INSTRUCTIONS FOR THE TASK: From the records below, print exactly the lines starting at the one containing "Camera Accessories 3" and ending at the one containing "七河源黄豆套餐450g*2袋", ends included, and nothing else.

Segment Start: GIVEN RECORDS

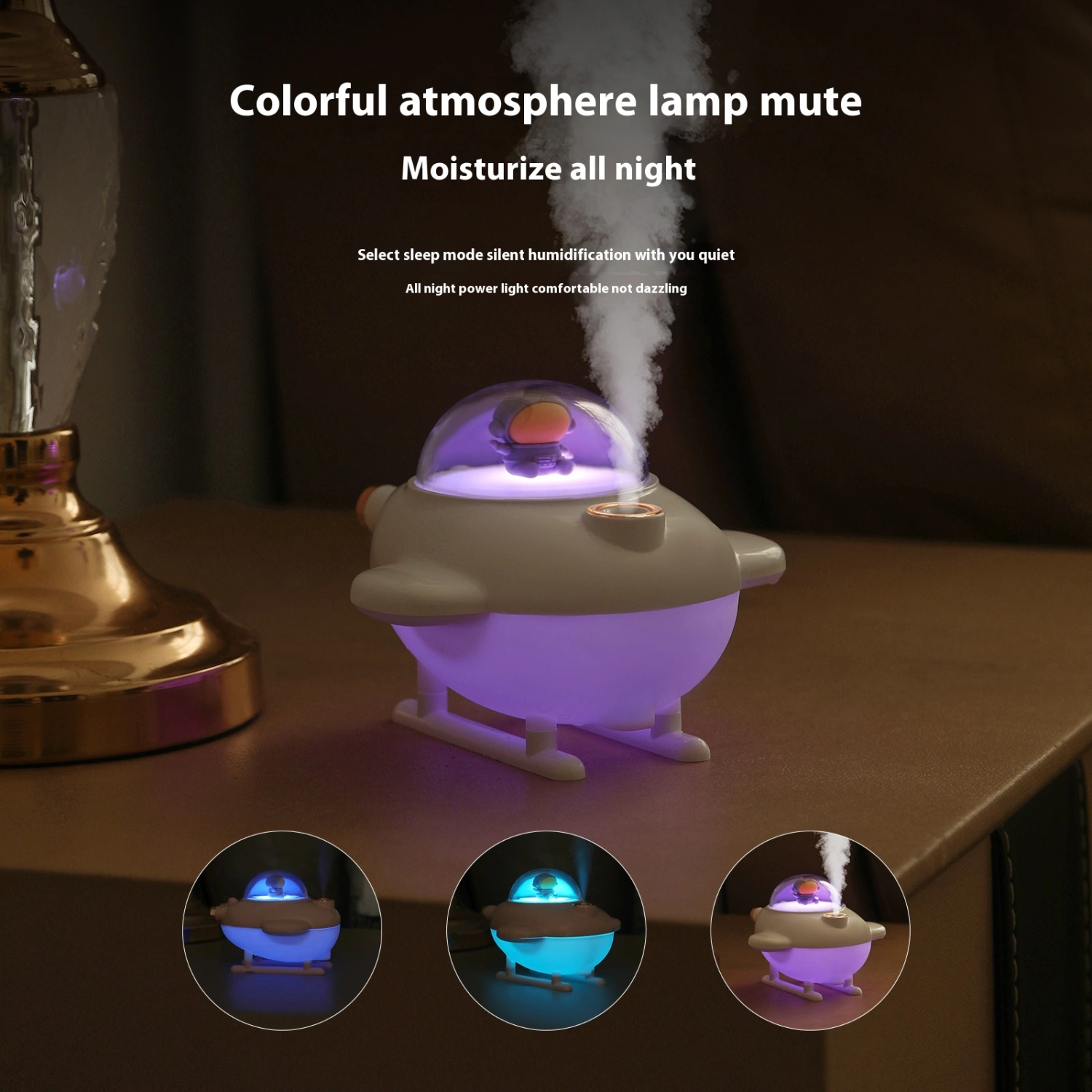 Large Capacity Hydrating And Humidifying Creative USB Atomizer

Segment End: GIVEN RECORDS
Segment Start: GIVEN RECORDS

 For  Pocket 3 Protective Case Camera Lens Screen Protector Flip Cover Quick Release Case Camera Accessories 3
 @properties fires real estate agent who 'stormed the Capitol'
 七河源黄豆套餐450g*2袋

Segment End: GIVEN RECORDS

RESULT OF THE EXERCISE:
 For  Pocket 3 Protective Case Camera Lens Screen Protector Flip Cover Quick Release Case Camera Accessories 3
 @properties fires real estate agent who 'stormed the Capitol'
 七河源黄豆套餐450g*2袋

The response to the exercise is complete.